Photo: RIA Novosti
I think Team Russia is fascinating. Scoring just eleven goals in their first four games, the much-ballyhooed offense of the home team hasn’t really shown up yet– especially from their NHL stars. After a brilliant start with back-to-back goals by Alex Ovechkin and Evgeni Malkin in game one, Russia broke up its top line, sending Alex Semin to the dreaded checking assignments of the bottom six. The team’s power play, meanwhile, has converted just two of its 13 chances despite having a handful of the best offensive players in the world.
To most observers, Russia has been a disappointment. They’re still very much alive, playing Finland at 7:30 am on Wednesday, but what they’ve shown us so far isn’t what we were promised. Of course, four games is a measly sample– particularly when measuring rare events like goals and power plays. While there aren’t a lot of data available, let’s take a big old grain of salt and play with them anyway.
I don’t really have an agenda in sharing this stuff. I looked it up because I was curious; I thought you might be too.
Again: these data kind of suck. We can’t isolate shots by game situation (power play vs even strength), and we don’t have a record of missed or blocked shots. There’s still a lot we can mine here, but we should be careful not to draw strong conclusions.
Russia got a lot of its players from its pro league, the KHL. So far those players have contributed five of the team’s eleven goals. It might make the league boosters happy to see the team get so much scoring out of its hometown crew, but it turns out that’s only because their NHL players are real unlucky.
The NHL players are generating more than 70% of Team Russia’s total shots, but just 54.5% of its goals.
They’re snakebit, getting hardly over 5% shooting compared to the fortuitous 13.2% enjoyed by the guys from the K.
That means while it may look like most of the offense is coming from Radulov and Kovalchuk, it’s only because their shots are the only ones getting through. They’re shooting 22.2 and 28.6% percent respectively (The Red Wings’ Datsyuk has a 22.2% as well). While Ovechkin and Malkin are leading in shots with 21 and 16 apiece, they’re just not scoring… yet. If we see more shots– that is, if Russia makes it another round or two– I’m pretty confident we’ll see the NHLers to do better and the KHLers do worse.

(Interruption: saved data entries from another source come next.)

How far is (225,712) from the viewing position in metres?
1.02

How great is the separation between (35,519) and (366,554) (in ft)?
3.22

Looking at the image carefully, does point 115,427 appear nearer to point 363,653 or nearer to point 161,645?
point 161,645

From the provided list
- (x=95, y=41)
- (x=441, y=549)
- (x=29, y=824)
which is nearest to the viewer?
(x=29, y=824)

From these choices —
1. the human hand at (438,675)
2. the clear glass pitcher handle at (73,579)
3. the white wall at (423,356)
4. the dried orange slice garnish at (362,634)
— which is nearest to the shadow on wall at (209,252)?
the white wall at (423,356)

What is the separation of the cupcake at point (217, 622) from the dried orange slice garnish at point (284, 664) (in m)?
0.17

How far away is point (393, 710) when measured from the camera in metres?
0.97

Individually, Alex Ovechkin is having trouble hitting the back of the net. He’s right on his NHL pace as far as shot volume is concerned, but of his 21 shots, just one– the first– was a goal. That one-for-21 clip means he’s shooting 4.8%, well below his career average of 12.3%. But that’s not crazy given the tiny sample size. Even this season, Ovi’s been this cold before.
From December 29th until January 9th, Ovechkin was shooting at or below his Olympic shooting percentage. After January 9th, he bounded up to his career average. No sweat, no panic, no Hot Stove.
And his ice time doesn’t seem to be off compared to what we see in the NHL either. It’s possible he’s getting one shift or less per game (around 30 seconds less compared to the NHL), but with only four games to draw from, it’s hard to say. That’s a bit surprising if we consider that the Russian national team is supposedly deeper than the Caps and therefore more egalitarian in sharing ice time. Maybe that assumption isn’t true after all.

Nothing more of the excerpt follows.